Me mira de forma penetrante, con los ojos extraviados, como si no entendiera la pregunta.

-Ya no me dedico más a la escritura, he abandonado todo plan literario. Sé que escribo bien, y eso es todo, las palabras son más peligrosas de lo que pensaba. -Tal vez los últimos libros de prosa que has publicado han desorientado a la crítica. -Nadie sabe que fue lo que quise decir con La condesa sangrienta… (levanta su pulóver y me muestra algunas heridas que hay en su muñeca) esto lo hago porque estoy aburrida (se ríe), lo hago para jugar.

El clima se enrarece, trato de pensar en alguna pregunta que la distienda, pero ella continuo sumida en algún objeto de la casa que no logro visualizar, casi no parpadea.

-Has estado alejada del ambiente… -He estado alejada, pero lamentablemente siempre estoy, soy, ser-estar, esos verbos ya me disgustan, están muy usados ya…
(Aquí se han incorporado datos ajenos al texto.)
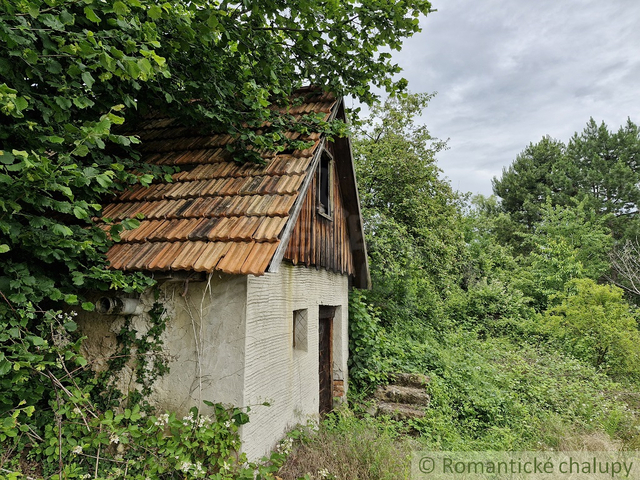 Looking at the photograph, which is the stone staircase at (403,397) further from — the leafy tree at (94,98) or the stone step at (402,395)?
the leafy tree at (94,98)

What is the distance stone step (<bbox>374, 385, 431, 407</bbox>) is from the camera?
6.71 m

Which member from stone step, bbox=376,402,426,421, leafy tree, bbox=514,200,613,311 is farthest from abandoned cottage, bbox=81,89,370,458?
leafy tree, bbox=514,200,613,311

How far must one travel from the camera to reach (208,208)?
375 centimetres

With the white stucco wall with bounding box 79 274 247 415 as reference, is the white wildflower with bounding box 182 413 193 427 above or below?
below

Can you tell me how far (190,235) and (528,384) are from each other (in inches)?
323

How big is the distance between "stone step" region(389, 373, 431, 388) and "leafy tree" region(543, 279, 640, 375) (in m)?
6.57

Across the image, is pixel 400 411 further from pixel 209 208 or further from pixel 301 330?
pixel 209 208

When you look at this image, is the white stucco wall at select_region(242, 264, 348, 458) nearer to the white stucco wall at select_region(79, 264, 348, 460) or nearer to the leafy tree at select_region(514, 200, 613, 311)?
the white stucco wall at select_region(79, 264, 348, 460)

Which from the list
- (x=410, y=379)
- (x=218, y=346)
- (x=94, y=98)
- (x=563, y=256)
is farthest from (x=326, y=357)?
(x=563, y=256)

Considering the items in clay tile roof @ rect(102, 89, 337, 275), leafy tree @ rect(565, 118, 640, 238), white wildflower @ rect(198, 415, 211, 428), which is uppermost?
leafy tree @ rect(565, 118, 640, 238)

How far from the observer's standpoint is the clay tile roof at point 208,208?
3.14 meters

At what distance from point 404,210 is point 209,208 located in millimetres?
7657

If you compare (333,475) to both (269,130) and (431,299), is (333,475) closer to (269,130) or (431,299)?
(269,130)

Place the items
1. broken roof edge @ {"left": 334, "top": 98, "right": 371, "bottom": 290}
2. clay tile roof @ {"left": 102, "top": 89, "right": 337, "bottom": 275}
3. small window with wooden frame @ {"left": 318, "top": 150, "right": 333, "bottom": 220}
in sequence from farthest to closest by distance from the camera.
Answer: broken roof edge @ {"left": 334, "top": 98, "right": 371, "bottom": 290}, small window with wooden frame @ {"left": 318, "top": 150, "right": 333, "bottom": 220}, clay tile roof @ {"left": 102, "top": 89, "right": 337, "bottom": 275}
Pido permiso para ir al baño, como no encuentro respuesta de su parte me levanto y lo busco por mi cuenta. En el recorrido solo veo cosas que enturbian la realidad de cualquier persona: muñecas maquilladas en una ronda como espectadoras de algo posible, un pizarrón con la leyenda “No quiero ir nada más que hasta el fondo.” Entro al baño, me mojo la cara y me sorprendo de la cantidad de frasquitos con pastillas que hay sobre el piso. Me doy cuenta de que no voy a conseguir nada de esa entrevista y allí en entre la blancura, un inodoro y frasquitos de pastillas decido retirarme.

Varias cosas cruzan mis pensamientos: ciertas advertencias, algunas consideraciones morales, fastidio por no conseguir lo anhelado. Prendo un cigarrillo y con corrosiva decisión me digo a mi mismo en el espejo del ascensor “Algunas cosas solo tienen que dejarse llevar hasta el fondo".